While it is possible that the actual testimony offered does not constitute hearsay, or falls within an exception, see Wis. Stat. § 908.03(3) (statement of declarant's then existing state of mind not hearsy), and thus would not violate McFarland's right of confrontation, I am unable to make that determination from the face of the petition and the attached exhibits. I therefore conclude that McFarland has raised at least a colorable constitutional issue under the confrontation clause. Since he also claims that his Sixth Amendment right to effective assistance of counsel was violated when his attorney failed to object to the challenged testimony, it follows that he may also proceed with that claim as well. Ineffective assistance of counsel is clearly a constitutional ground for habeas relief under Strickland v. Washington, 466 U.S. 668 (1984).

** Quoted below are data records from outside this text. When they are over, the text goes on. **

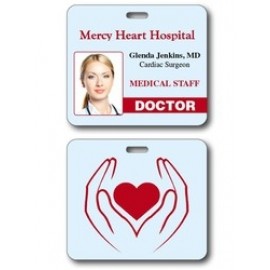 Customized UV-Coated (1S) Plastic I.D./Event Badge with Punch - 3.625x3.125 - 10 pt.  Customized UV-Coated (1S) Plastic I.D./Event Badge with Punch - 3.625x3.125 - 10 pt.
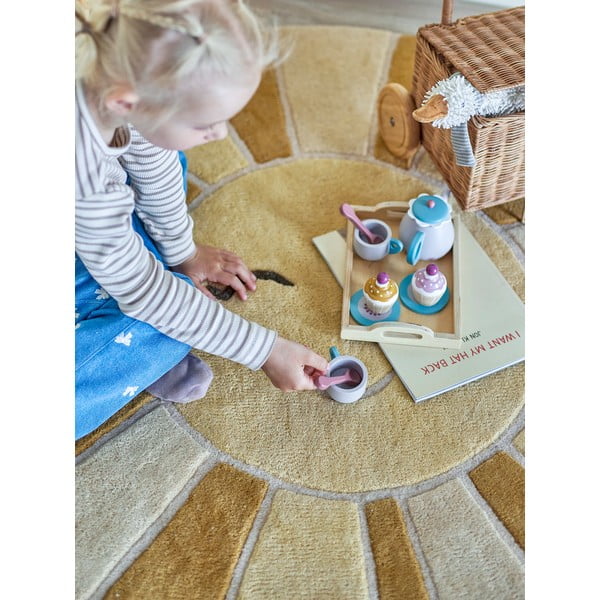 Beež/merevaiguvärvi villane laste vaip ø110 cm Sun - Bloomingville Mini-image-1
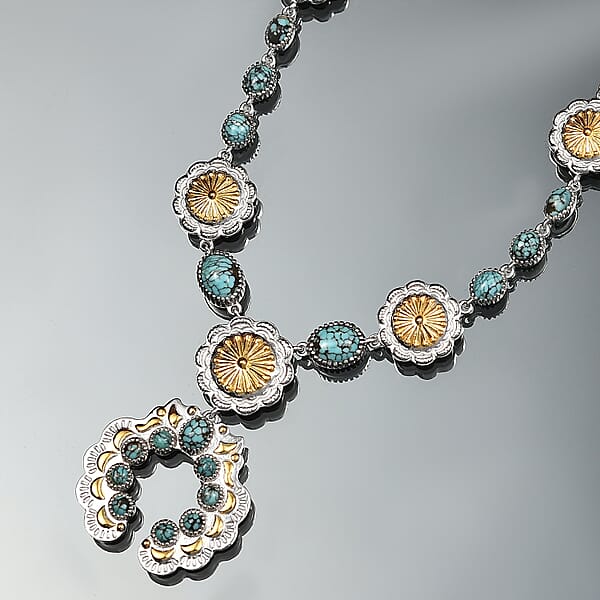 D'Joy Artisan Crafted Blue Moon Turquoise 5.95 Ctw Native American Concho Necklace In 18K YG And Rhodium Over Sterling Silver 18 Inches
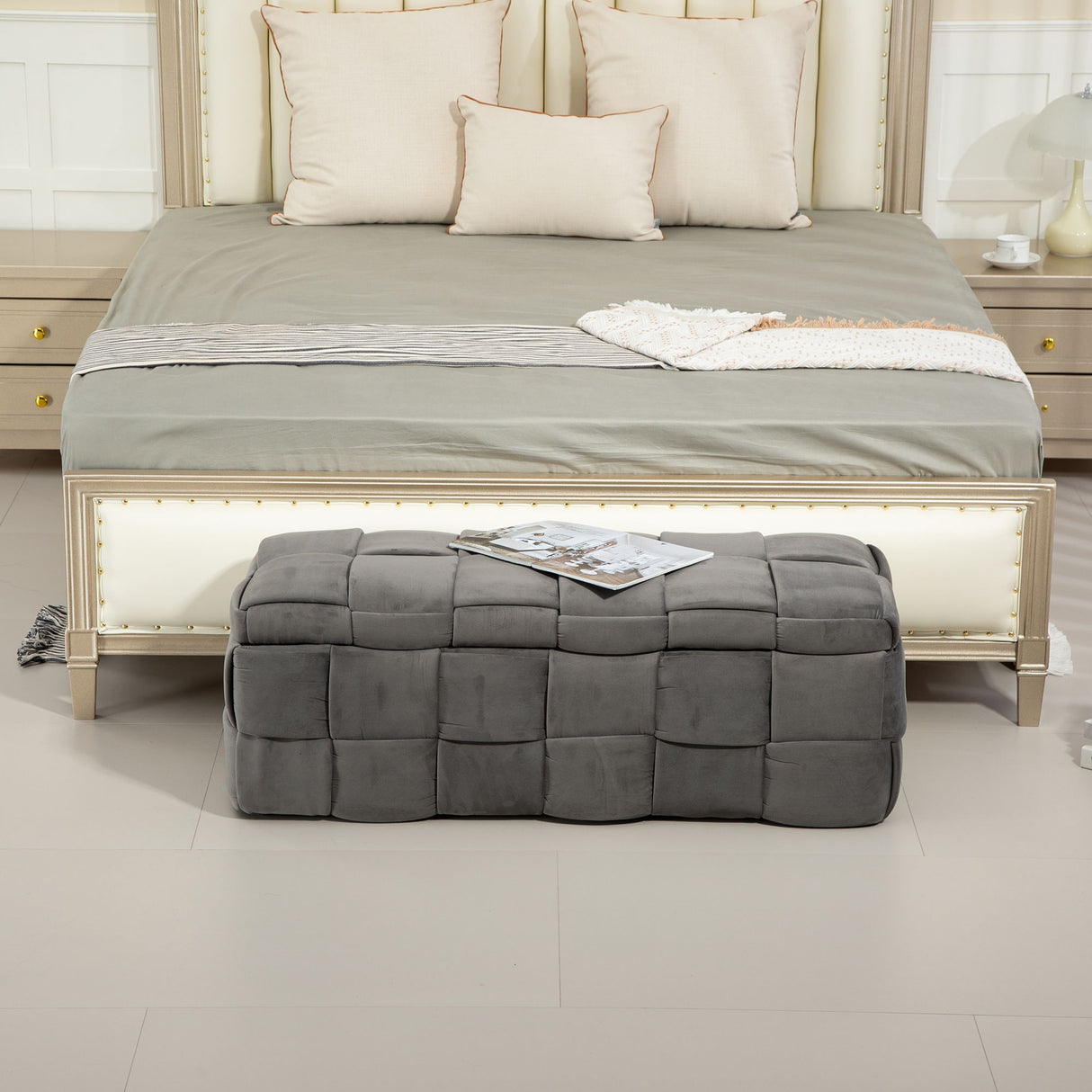 Upholstered Storage Ottoman With Safety Hinge by Couch.com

B. Ineffective Assistance of Counsel

McFarland asserts multiple other claims of ineffective assistance of counsel. To prevail on a claim of ineffective assistance of counsel, a petitioner "must show that counsel's performance was deficient . . . [and] . . . the deficient performance prejudiced the defense." Id. at 687. If the court determines that the petitioner has failed to satisfy either component of the Strickland test, it need not address the other. See Chichakly v. United States, 926 F.2d 624, 630-31 (7th Cir. 1991). I will address each of his claims in turn.

1. Failure to object to multiplicitous charges

McFarland claims trial counsel provided ineffective assistance by failing to challenge, on multiplicity grounds, the charges of first-degree reckless injury with the use of a dangerous weapon and endangering safety by use of a dangerous weapon. However, "the Double Jeopardy Clause is not offended when a defendant is convicted under two provisions, so long as `each provision requires proof of a fact which the other does not.'" U.S. v. Ghilarducci, 480 F.3d 542, 550 (7th Cir. 2007) (quoting Blockburger v. United States, 284 U.S. 299, 304 (1932)). If two provisions differ in this manner, it is presumed that the legislature intended to allow cumulative punishments, absent indication of contrary legislative intent. The Wisconsin Court of Appeals concluded that each of the charges brought against McFarland required proof of a fact which the other did not. For example, the court concluded that the offense of endangering safety by use of a dangerous weapon required that a firearm be discharged, whereas the offense of first-degree reckless injury did not, and that the latter offense, unlike the former, required that the defendant caused great bodily harm. The court indicated that McFarland did not offer any argument to rebut the presumption that the legislature intended cumulative punishment. Thus, the court properly applied controlling federal precedent to determine that the charges were not multiplicitous and counsel was not ineffective for failing to challenge the charges on that basis.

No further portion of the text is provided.